Any picture in the data below should be skipped, while every line is repeated exactly.

**DATA EXTRACT:**
************

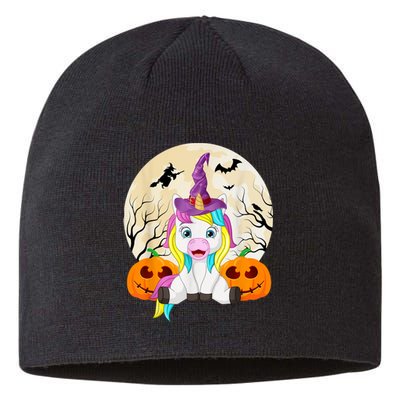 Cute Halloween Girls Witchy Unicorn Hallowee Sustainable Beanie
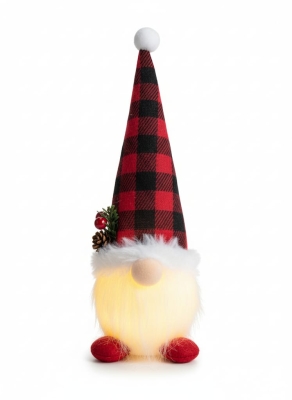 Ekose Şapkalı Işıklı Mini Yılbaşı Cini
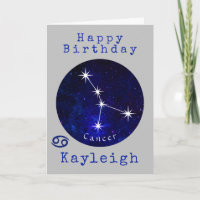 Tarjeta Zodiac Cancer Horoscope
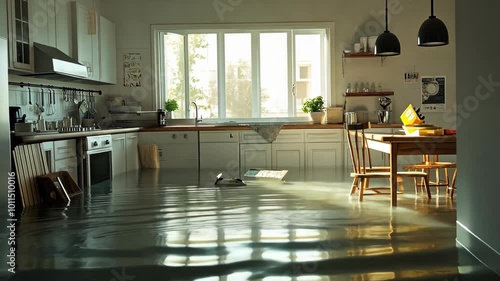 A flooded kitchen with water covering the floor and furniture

************

**FINISHED TASK:**
 Cute Halloween Girls Witchy Unicorn Hallowee Sustainable Beanie
 Ekose Şapkalı Işıklı Mini Yılbaşı Cini
 Tarjeta Zodiac Cancer Horoscope
 A flooded kitchen with water covering the floor and furniture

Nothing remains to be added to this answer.